Step five: ranking what you find
Finding pages that contain your words is only half of search; the harder half is putting the best ones first. Wribble ranks results using a well-established scoring method called BM25, which weighs how often your search words appear on a page against how common those words are across all pages, so a rare, specific match counts for more than a common one. On top of this, Wribble adds a freshness signal — recently crawled pages get a gentle boost, which matters for news-style searches — and a small bonus for pages from domains it has indexed deeply, as a rough measure of trust. Matches in a page's title count more than matches buried in the body. All of this scoring runs locally, in milliseconds, on your device.
Because the ranking code is part of the open application running in your browser, it is not a black box. There is no hidden algorithm tuned to favour advertisers, because there are no advertisers. What ranks first is simply what the scoring judges most relevant to your words.
Filling the gaps: live discovery
A brand-new user with an empty index would otherwise see nothing, so Wribble also queries a handful of free, openly accessible public sources at search time — an open encyclopedia, a global news archive, a community link archive, and a developer question archive. These return results instantly and are simultaneously fed into your crawler, so each search permanently broadens your own index around the things you care about. Over time, more and more of your results come from your own growing index rather than these live sources.
Why nothing reaches our servers
The strongest privacy claim Wribble makes is also the simplest to verify: during a search, zero bytes of your query travel to wribble.com. You can confirm this yourself by opening your browser's developer tools and watching the network activity while you search. The reason is structural, not a promise — the search happens entirely in JavaScript on your device, against your local index and your peer connections. We could not log your searches even if we wanted to, because they never arrive at any computer we control. There are no accounts, no tracking cookies, and no analytics. This is a different kind of privacy from "we promise not to look" — it is privacy by architecture, where looking is simply not possible.
The honest limitations
Decentralisation buys privacy and independence, but it does not magically match the raw scale of a company that has spent decades and billions indexing the entire web.
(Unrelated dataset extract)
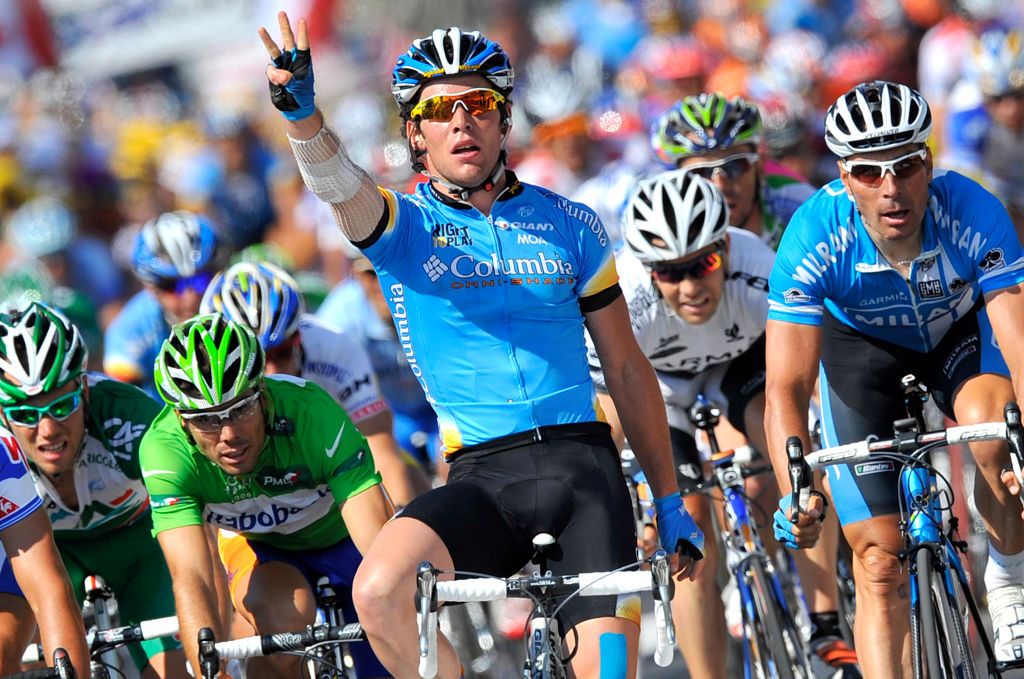 Cycling : Tour de France / Stage 12
Arrival Sprint / CAVENDISH Mark (Gbr) Celebration Joie Vreugde / ZABEL Erik (Bel) / FREIRE Oscar (Esp) Green Jersey /
Lavelanet - Narbonne (168,5 Km) /
Ronde van Frankrijk / TDF / Etape Rit / (c)Tim De Waele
A browser-built index is smaller, and some pages cannot be crawled directly from a browser because of technical restrictions. Wribble is not trying to pretend otherwise. What it offers instead is a genuinely different deal: a search engine that is private by design, owned by the people who use it, free of advertising and tracking, and impossible for any single party to control or shut down. For the topics you and your peers care about, it becomes good quickly — and it keeps getting better every time someone searches.